►

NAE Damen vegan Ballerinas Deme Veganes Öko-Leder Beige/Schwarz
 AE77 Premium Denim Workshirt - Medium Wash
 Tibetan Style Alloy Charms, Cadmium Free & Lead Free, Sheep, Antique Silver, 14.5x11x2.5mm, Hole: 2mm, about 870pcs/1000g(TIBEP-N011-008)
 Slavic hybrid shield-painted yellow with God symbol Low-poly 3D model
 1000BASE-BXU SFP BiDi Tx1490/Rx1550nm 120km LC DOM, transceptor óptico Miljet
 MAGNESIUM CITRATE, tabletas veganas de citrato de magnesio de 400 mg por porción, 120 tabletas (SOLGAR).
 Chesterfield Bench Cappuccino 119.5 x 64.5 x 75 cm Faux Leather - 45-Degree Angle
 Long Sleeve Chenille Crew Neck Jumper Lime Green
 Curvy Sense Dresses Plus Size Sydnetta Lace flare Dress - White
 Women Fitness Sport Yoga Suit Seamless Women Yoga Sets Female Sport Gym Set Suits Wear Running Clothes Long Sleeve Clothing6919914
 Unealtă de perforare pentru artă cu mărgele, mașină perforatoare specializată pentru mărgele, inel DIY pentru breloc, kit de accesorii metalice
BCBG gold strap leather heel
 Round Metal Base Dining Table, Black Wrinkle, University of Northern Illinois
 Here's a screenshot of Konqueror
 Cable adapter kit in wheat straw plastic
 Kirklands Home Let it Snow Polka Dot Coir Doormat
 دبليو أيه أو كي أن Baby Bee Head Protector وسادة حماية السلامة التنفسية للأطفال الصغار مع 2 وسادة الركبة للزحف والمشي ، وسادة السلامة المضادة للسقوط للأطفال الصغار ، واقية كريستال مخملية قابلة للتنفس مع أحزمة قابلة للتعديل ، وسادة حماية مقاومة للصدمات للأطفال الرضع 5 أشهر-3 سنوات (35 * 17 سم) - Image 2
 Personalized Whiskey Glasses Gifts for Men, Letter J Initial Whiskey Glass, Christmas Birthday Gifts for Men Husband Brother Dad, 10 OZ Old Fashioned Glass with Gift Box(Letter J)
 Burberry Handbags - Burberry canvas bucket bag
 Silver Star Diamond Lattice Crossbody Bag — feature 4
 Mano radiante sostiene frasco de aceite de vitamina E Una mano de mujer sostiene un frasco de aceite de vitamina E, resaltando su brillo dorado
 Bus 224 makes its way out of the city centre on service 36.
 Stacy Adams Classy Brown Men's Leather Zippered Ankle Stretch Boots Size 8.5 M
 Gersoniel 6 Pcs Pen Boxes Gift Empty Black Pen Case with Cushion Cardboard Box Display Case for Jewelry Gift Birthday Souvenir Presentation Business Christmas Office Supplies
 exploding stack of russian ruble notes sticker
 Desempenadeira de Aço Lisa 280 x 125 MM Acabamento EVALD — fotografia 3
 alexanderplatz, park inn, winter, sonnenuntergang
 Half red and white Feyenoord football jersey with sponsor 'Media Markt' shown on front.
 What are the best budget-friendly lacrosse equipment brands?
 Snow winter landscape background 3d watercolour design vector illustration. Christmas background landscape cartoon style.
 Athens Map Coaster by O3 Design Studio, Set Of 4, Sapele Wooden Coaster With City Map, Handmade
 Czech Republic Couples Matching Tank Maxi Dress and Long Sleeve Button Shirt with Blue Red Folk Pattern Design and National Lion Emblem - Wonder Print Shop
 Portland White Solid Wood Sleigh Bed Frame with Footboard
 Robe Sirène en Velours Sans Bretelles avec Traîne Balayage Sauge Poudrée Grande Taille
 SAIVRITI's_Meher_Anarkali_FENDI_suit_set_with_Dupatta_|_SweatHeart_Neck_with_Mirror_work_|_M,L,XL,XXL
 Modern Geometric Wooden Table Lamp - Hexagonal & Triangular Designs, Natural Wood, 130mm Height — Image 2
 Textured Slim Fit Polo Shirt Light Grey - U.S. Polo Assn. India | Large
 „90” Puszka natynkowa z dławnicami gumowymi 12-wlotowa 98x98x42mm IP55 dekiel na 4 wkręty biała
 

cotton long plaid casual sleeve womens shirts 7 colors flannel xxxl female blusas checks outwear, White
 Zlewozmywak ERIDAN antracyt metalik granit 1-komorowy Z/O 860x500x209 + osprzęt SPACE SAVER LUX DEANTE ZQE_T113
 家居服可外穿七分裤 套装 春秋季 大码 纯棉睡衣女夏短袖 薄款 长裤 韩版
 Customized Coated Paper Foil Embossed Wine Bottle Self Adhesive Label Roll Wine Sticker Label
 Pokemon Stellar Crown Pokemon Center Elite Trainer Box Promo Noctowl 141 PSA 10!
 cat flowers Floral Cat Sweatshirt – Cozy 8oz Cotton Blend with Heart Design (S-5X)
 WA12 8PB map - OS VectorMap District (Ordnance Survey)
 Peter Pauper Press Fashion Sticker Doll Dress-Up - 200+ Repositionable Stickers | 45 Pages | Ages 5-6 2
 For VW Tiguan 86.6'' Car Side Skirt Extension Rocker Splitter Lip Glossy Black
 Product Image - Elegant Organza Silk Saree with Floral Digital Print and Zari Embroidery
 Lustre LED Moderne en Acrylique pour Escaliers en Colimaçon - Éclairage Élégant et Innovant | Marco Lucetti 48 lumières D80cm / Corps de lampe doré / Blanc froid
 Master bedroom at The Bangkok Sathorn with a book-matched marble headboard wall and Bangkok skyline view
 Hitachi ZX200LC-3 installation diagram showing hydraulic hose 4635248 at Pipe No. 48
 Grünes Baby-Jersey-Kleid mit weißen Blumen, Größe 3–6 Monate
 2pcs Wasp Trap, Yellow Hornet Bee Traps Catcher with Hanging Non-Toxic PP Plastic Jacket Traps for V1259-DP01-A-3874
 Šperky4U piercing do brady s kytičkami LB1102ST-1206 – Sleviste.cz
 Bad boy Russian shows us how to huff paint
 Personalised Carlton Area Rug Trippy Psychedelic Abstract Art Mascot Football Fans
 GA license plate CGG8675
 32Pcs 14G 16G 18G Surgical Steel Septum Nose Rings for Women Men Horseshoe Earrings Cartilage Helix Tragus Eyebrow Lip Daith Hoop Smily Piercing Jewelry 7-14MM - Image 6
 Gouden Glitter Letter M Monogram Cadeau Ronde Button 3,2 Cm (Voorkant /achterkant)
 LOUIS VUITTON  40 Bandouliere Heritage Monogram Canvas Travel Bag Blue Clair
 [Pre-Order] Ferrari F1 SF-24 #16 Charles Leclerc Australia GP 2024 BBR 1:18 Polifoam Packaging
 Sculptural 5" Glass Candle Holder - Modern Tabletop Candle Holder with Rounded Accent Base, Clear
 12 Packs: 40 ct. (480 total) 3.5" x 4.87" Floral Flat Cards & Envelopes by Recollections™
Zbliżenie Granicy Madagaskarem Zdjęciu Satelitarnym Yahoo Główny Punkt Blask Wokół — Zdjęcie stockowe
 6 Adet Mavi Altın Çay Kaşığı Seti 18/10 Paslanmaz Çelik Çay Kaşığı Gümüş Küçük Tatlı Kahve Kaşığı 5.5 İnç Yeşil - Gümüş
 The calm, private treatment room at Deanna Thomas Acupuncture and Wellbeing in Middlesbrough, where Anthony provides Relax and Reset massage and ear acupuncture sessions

◄

What is needed → Give back exactly the lines above, from the line containing "Silver Star Diamond" through the line containing "Stacy Adams Classy", with both end lines and nothing more.

Solution for this task →
 Silver Star Diamond Lattice Crossbody Bag — feature 4
 Mano radiante sostiene frasco de aceite de vitamina E Una mano de mujer sostiene un frasco de aceite de vitamina E, resaltando su brillo dorado
 Bus 224 makes its way out of the city centre on service 36.
 Stacy Adams Classy Brown Men's Leather Zippered Ankle Stretch Boots Size 8.5 M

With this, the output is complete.